A massive kilometer-sized asteroid is set to fly past the Earth later this month in what is set to be the first flyby of an asteroid of this size during 2022, according to NASA's asteroid tracker. This asteroid could cause a worldwide cataclysm if it impacted Earth, but this is thankfully extremely unlikely to happen.
Dubbed 7482 (1994 PC1), this asteroid has an estimated diameter of at least 1 kilometer, and could possibly be around 1.3 kilometers wide. For comparison, that's over four times the size of the Eiffel Tower and 3.5 times the size of New York City's Empire State Building.
The asteroid is categorized as an Apollo-class asteroid, meaning its orbit is wider than Earth's and its orbital path around the Sun can cross the path of our own planet. Further, it has also been designated a potentially hazardous asteroid by NASA.
However, an impact is extremely unlikely. According to NASA's calculations, 7482 (1994 PC1) will pass the Earth on January 18 at a distance of around 1.98 million kilometers away. For context, the Earth's distance from the moon, approximately 384,000 kilometers, is over five times less than that.
This is in line with NASA's prior predictions, which estimated that the Earth would be free of risk from any asteroid impacts within the next 100 years.
But had the Earth not been so lucky, the results could have been catastrophic.

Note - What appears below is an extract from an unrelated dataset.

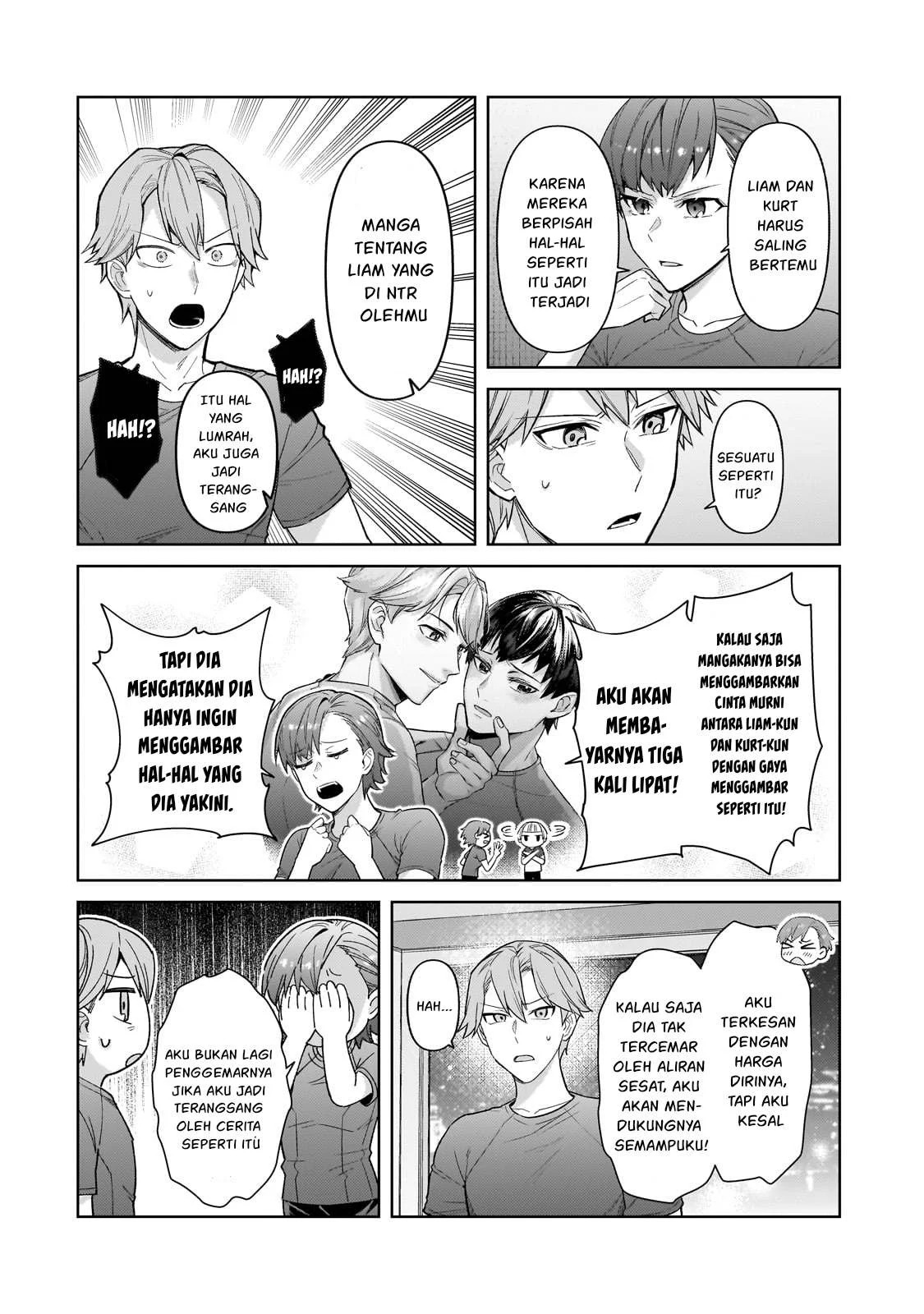 Ore wa Seikan Kokka no Akutoku Ryoshu: Chapter chapter-41.2 - Page 35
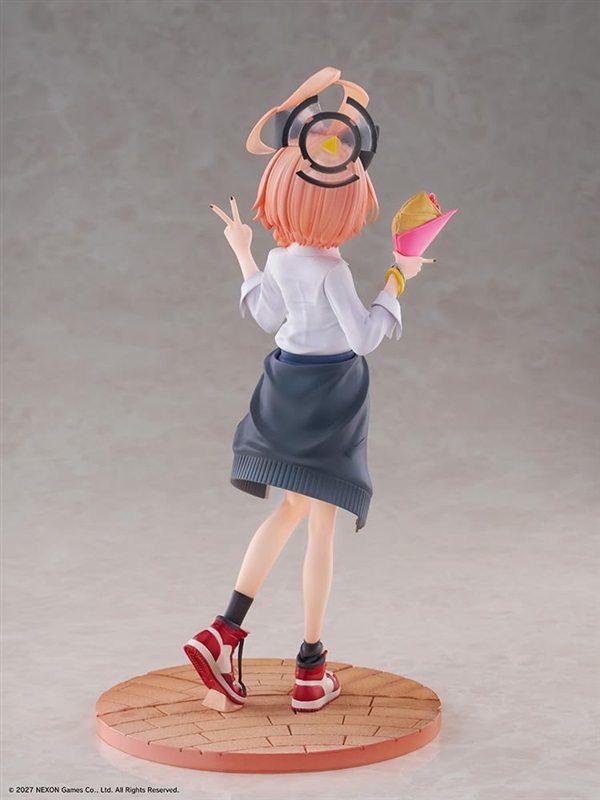 着崩した制服姿が魅力的！『ブルーアーカイブ』ネルがウイングより1/7スケールフィギュア化！「目開き笑顔」も同梱で好きな表情を楽しめる！Amazonにて予約受付中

According to research from the Davidson Institute of Science, the educational arm of Israel's Weizmann Institute of Science, an asteroid over 140 meters in diameter would release an amount of energy at least a thousand times greater than the energy released by the first atomic bomb if it impacted Earth. Something even larger – over 300 meters wide like the asteroid Apophis – could destroy an entire continent.
And an asteroid over a kilometer wide like 7482 (1994 PC1) could trigger worldwide cataclysms.
But asteroids also hold the potential to be severely beneficial for humanity, as they are rich in resources. Some of these nearby asteroids are even potential targets for future mining operations.
However, what value, if any, 7482 (1994 PC1) has is currently unknown.